Other examples point to the consequences of how individual identity changes over time. Powell explains that Gerry Adams and Martin McGuinness joined the Irish Republican Army when they were young, but “by the mid-1980s they were well past fighting age and were beginning to see their nephews and nieces getting arrested or killed. Realizing that the conflict could go on forever, they took the first tentative steps towards ending it.”
Powell also tells the story of how one individual, Colonel Karuna, who commanded the Tamil Tiger forces in the east of Sri Lanka, defected in 2004 after a meeting in Thailand opened “his eyes for the first time to the outside world,” allowing his “liking for women and the good life” to overpower his loyalty. The defection of one key figure “disintegrated” the group’s forces in eastern Sri Lanka and returned the military option to the Sri Lankan government’s arsenal.
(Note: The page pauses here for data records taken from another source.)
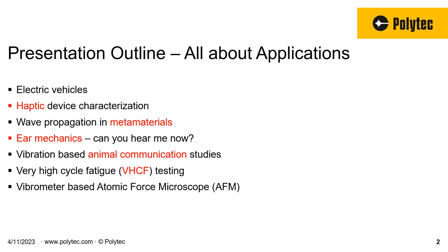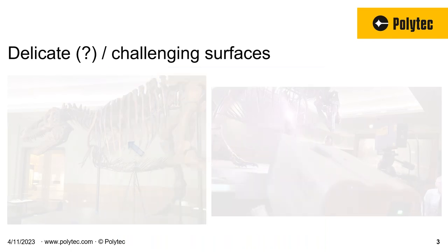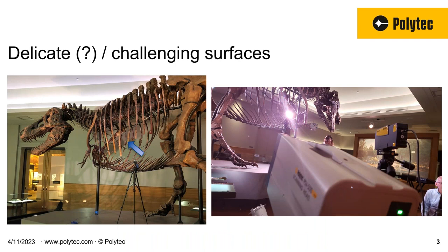Keep your feedback coming — if you have any applications you would like to hear about, please let us know. We'll be happy to incorporate them in future webinars. Now I said EV, but I had a picture of a dinosaur on the front slide, so I've got to start with dinosaurs. This was a T-Rex skeleton at the Chicago Museum of Natural History where we did this measurement.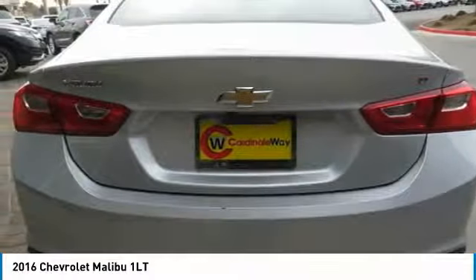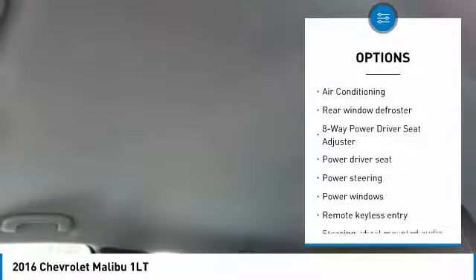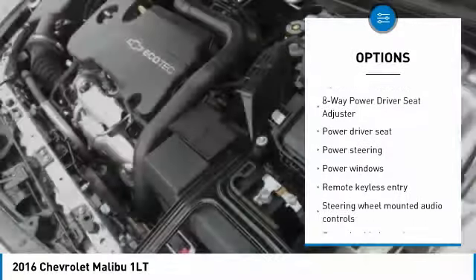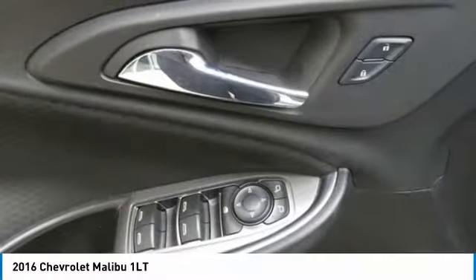This vehicle has less than 50,000 miles. Here are some of this vehicle's great options: traction control, dual airbags, air conditioning, alloy wheels, power steering, one owner, four-wheel disc brakes, center armrest, compass, and electronic stability control.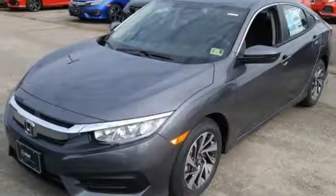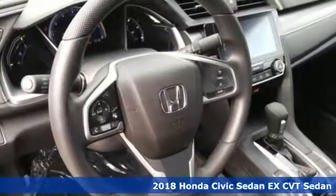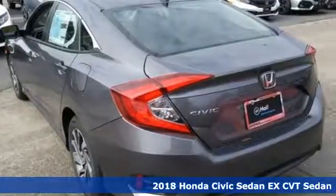Here's a new 2018 Honda Civic Sedan. Get more mileage out of every drive with this Civic. It boasts an impressive list of features like these.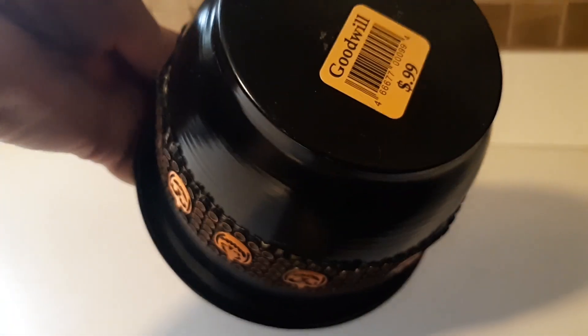Hi, Lisa here again with another haul — this time it's a Goodwill thrift store haul. See what I found! I ended up finding this little planter, a Halloween one for 99 cents. Orange was half off, so I ended up getting it for 50 cents.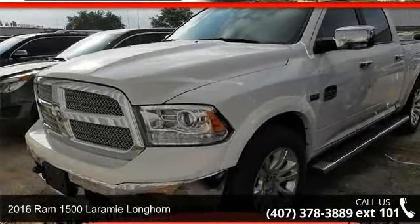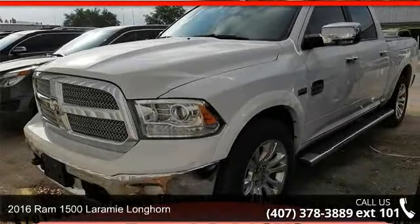Presenting the 2016 RAM 1500. This may be the set of wheels you've been looking for.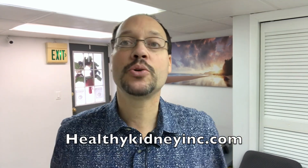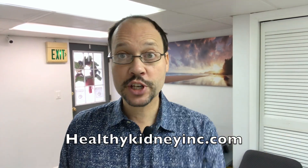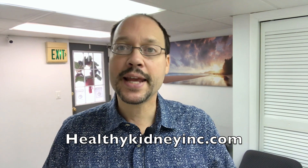Today we're discussing baking soda — what it is, how it helps your kidneys, if you should take it, and everything about baking soda. This is Healthy Kidney Inc, our YouTube channel. Check out our website and all our other videos about how to support good kidney health naturally with diet and anything you can do in your power.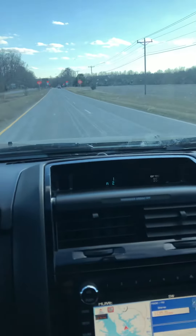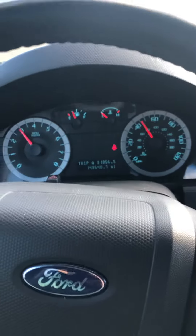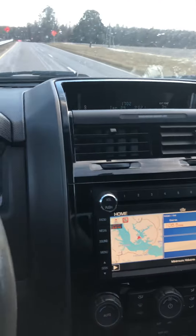Well maintained, on the drive it shifts excellent, no warning lights on the dash. I think it works as it should.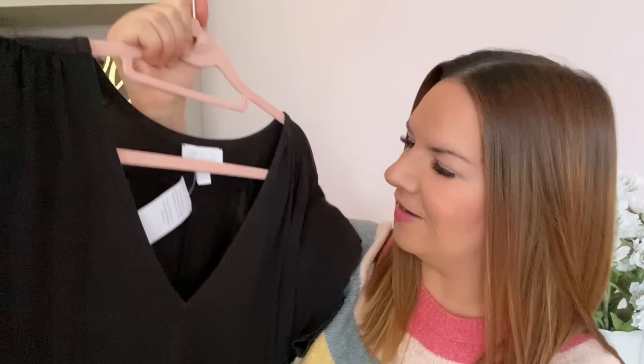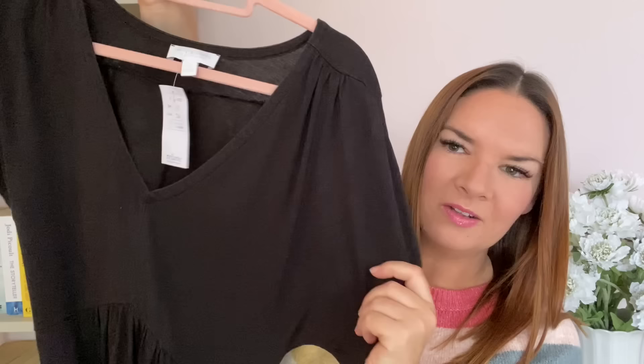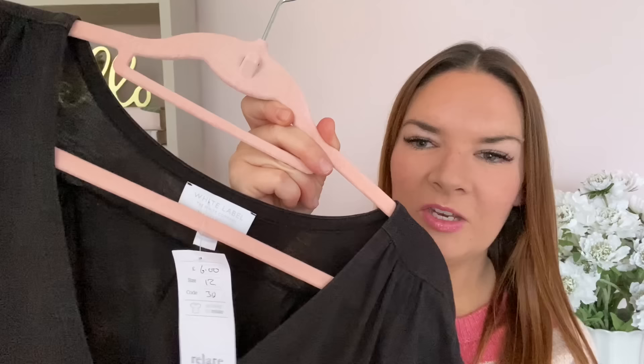My last item in this charity shop haul is this lovely White Company dress. It was six pounds from Relate and it's a size 12 - White Label, White Company. It's a really nice black dress with little sleeves, a V-neck, and it's sort of t-shirt material so really soft. It goes in at the waist, flares out, and has a little layered bit at the bottom, which I like. It's midi length - past the knee - and I love a simple black dress you can just throw on with flip-flops and wear anywhere.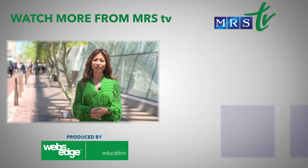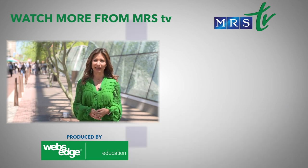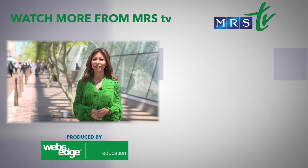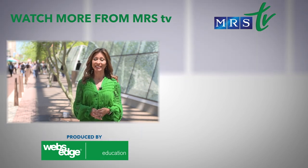MRS-TV has all the coverage you want with the big newsmakers. Be sure to check out our content, which is updated each day here on YouTube, from the 2019 MRS spring meeting here in Phoenix.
Powell’s Terrorists at the Table is an essential contribution to the debate over what went wrong in Afghanistan as well as the debate over the future of counterinsurgency doctrine even though it would benefit from a deeper exploration of the Afghan War and the many factors beyond the aversion to negotiating that have restricted the success of existing negotiations to little more than the return of Sgt. Bergdahl. Ignoring the issues Powell raises will produce an incomplete picture of how and why thousands of Americans lost their lives in the longest war the United States has ever fought — and will have life or death consequences in future conflicts.